5. O-Ton: Bo Albrechtsen (There were many sprits in the mountains, in the...)
Sprecher 2
Es gab viele Geister, ob in den Bergen, dem Meer oder dem Himmel. Jedes
Naturphänomen wie das Nordlicht, Stürme oder Steinmuren war beseelt. Die Herrin
der Winde und die der Seetiere hatten sogar Namen. Wirklich in allem, in Steinen oder
Eisbergen wohnten Geister, deren Wohlwollen man sich auf besondere Weise erhalten
musste. (... to those spirits and tread them in special ways.)
6
Autorin
Bo Albrechtsen ist in Dänemark geboren, aber schon als Kind begeisterte er sich für
Grönland. Er studierte Eskimologie und ist heute der stellvertretende Leiter des
Nationalmuseum in Nuuk.
6. O-Ton: Albrechtsen (This question who could harm us in that way ...)
Sprecher 2
Wer könnte uns derart schaden wollen – diese Frage und die Antwort darauf sind Teil
der ursprünglichen Religion: Es muss ein seltsames Wesen in den Bergen leben, das
wir beleidigt haben und nun rächt es sich. Ich denke, der Glaube diente der Erklärung
von Katastrophen und Naturphänomenen. (... of catastrophes and natural
phenomena.)
Autorin
Der Missionar Hans Egede kämpfte gegen diesen Glauben, aber er war lediglich an der
Westküste unterwegs. Grönland ist sechsmal so groß wie Deutschland. Die einzelnen
Siedlungen sind nicht durch Straßen verbunden, sie sind völlig auf sich gestellt.

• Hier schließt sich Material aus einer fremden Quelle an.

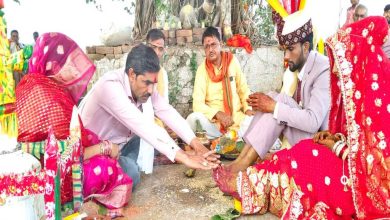 मध्‍य प्रदेश के दमोह जिले की बलेह ग्राम पंचायत के सरपंच ने गांव की एक बेटी का विवाह संपन्‍न कराया।
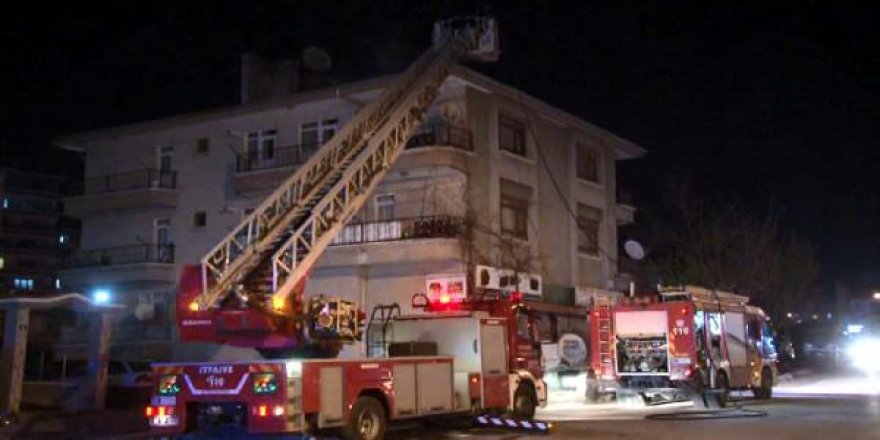Ankara'da apartman çatısında çıkan yangın korkuttu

2. Musik ab 54 sec. leise darunter
Autorin
Von Nuuk bis zur Ostküste ist man heute drei Stunden mit dem Flugzeug unterwegs.
Nur eine Handvoll Abenteurer hat das Inlandeis, das bis zu dreieinhalb Kilometern
Höhe in der Mitte Grönlands aufragt, zu Fuß überquert. Erst vor rund 100 Jahren
wurden die Inuit-Siedlungen an der Ostküste von Missionaren entdeckt. Einige
Traditionen wie das Trommeln haben überlebt, wenn auch nur vor Touristen.
7. Atmo: Trommeln
Autorin
Eisberge treiben wie Tupfen auf dem Ozean. Die vom kalten Wind hauchdünn
geschliffenen Wolkenfahnen drehen sich wie feine Zuckerwatte um felsige Bergriesen.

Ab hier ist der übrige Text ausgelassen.